(281e) Mixed Oxide Supports Derived From Layered Metal Hydroxides to Reduce Methanol Selectivity In the Catalytic Synthesis of Higher Alcohols Over Potassium-Promoted Molybdenum Sulfide Catalysts

Morrill, M. R. - Presenter, Georgia Institute of Technology
Thao, N. T. - Presenter, Georgia Institute of Technology
Barton, D. J. - Presenter, The Dow Chemical Company
Ferrari, D. - Presenter, The Dow Chemical Company
Davis, R. J. - Presenter, University of Virginia
Jones, C. W. - Presenter, Georgia Institute of Technology

Molybdenum sulfide, a well-known hydrodesulphurization catalyst, is being increasingly investigated as a catalyst for conversion of synthesis gas to higher alcohols. Here it is demonstrated that potassium promoted MoS2 catalysts supported on basic, mixed metal oxides derived from decomposed, synthetic hydrotalcites convert syngas into higher alcohols with reduced methanol and increased n-propanol selectivity relative to bulk molybdenum sulfide or conventionally supported molybdenum sulfide catalysts (activated carbon, basic sepiolite clay, or alumina).
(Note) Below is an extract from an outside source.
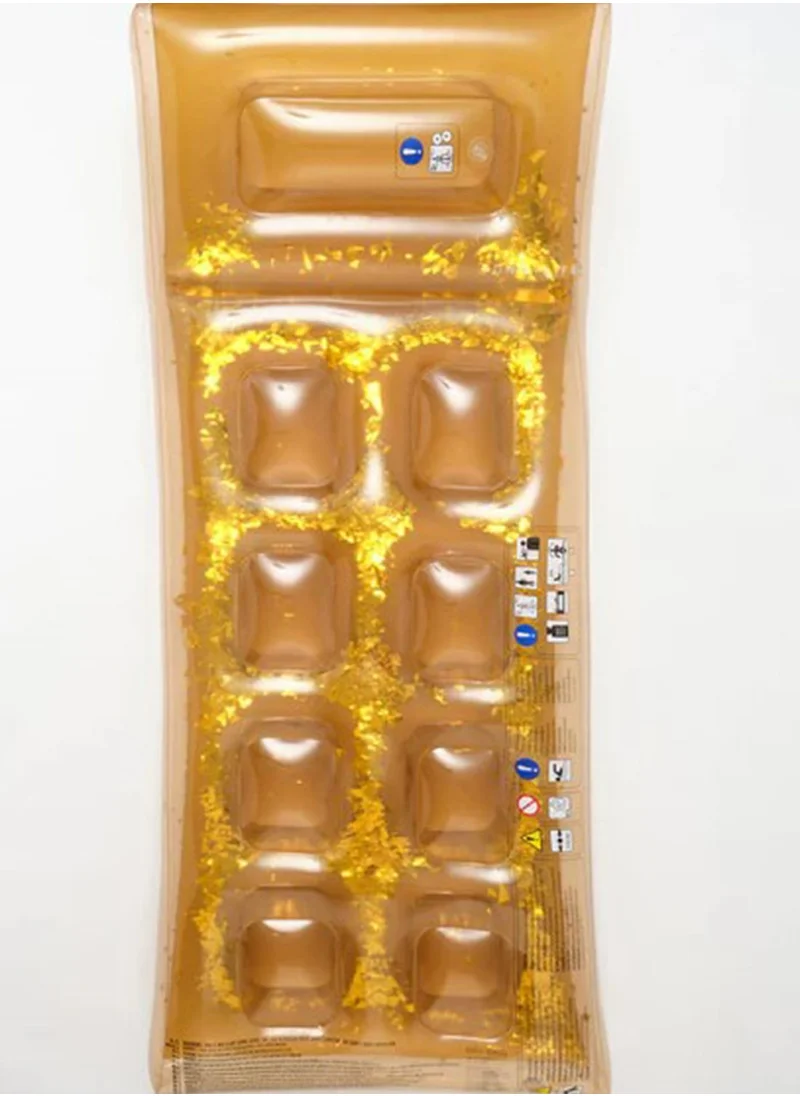 SUNNY LIFE Disco Gold Retro Lie-On Inflatable Lilo Pool Float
This advantage may be attributed to the basic, mesoporous nature of the mixed metal oxide support.  X-ray absorption spectroscopy shows that before sulfidation, the molybdenum oxide domains on the supported catalyst are highly dispersed. Treatment of this oxide catalyst at 723 K in 20% hydrogen sulfide in hydrogen results in the formation of molybdenum sulfide moieties that in turn provide a favorable environment for higher alcohol formation.